Le Parlement européen a voté mi-septembre contre un acte délégué proposé par la Commission européenne sur les règles de production d’hydrogène « vert », éligible aux aides publiques européennes. Même s’il est probable que les compromis finaux entre Conseil de l’UE, Parlement et Commission européenne évoluent lors des discussions en trilogue autour de la refonte de la directive sur les énergies renouvelables qui devraient s’achever début 2023, la position du Parlement actuelle relaxe dans l’immédiat les conditions environnementales sur la production d’hydrogène dans l’UE et supprime les conditions sur les importations éventuelles d’hydrogène. Or ces critères sont nécessaires pour plusieurs raisons.

Des importations d’hydrogène, une potentielle opportunité économique « gagnant-gagnant »

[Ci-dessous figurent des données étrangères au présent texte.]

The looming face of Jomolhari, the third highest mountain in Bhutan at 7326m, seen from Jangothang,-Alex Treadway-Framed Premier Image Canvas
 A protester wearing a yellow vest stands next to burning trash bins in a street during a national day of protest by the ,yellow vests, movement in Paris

La Commission européenne a publié sa stratégie hydrogène pour la neutralité climat à l’été 2020, alors que de nombreux États membres faisaient de même. L’objectif est à la fois d’assurer la décarbonation des secteurs de l’industrie lourde et du transport de longue distance, mais aussi de garantir la compétitivité de l’industrie européenne sur les filières hydrogène encore naissantes et qui sont importantes pour réaliser l’Accord de Paris sur le climat. Outre la construction de filières industrielles européennes, de nombreux acteurs publics (comme la Commission européenne, l’Allemagne, la Namibie, l’Australie) et industriels (le consortium European Hydrogen Backbone) explorent la possibilité de construire des routes d’échanges commerciaux d’hydrogène ou produits dérivés vers l’Europe. 

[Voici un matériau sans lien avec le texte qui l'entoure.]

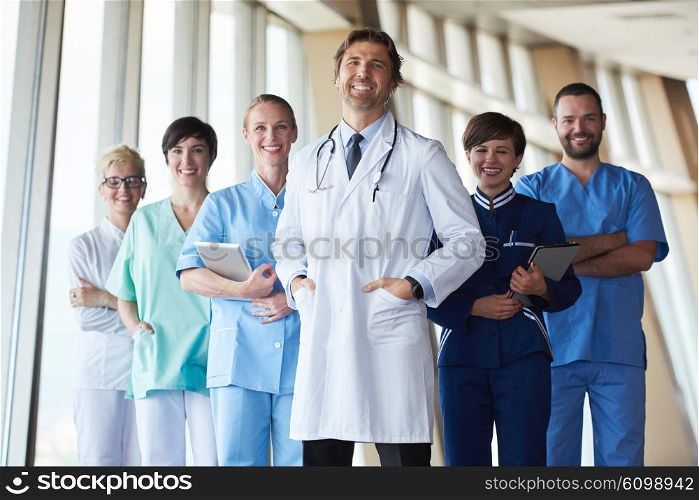 group of medical staff at hospital, handsome doctor in front of team, people group standing together in background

En théorie, l’intérêt de développer des échanges internationaux d’hydrogène et produits dérivés est de mieux répartir les ressources bas-carbone dans le monde : l’Europe pourrait profiter de l’électricité d’origine solaire ou éolienne moins onéreuse et plus abondante issue d’autres régions du monde mieux dotées, tandis que ces régions pourraient s’appuyer sur ces partenariats pour développer leur système énergétique. Ainsi, l’hydrogène pourrait devenir un pilier de la coopération internationale pour la transition énergétique. Mais de tels partenariats doivent remplir certaines conditions. 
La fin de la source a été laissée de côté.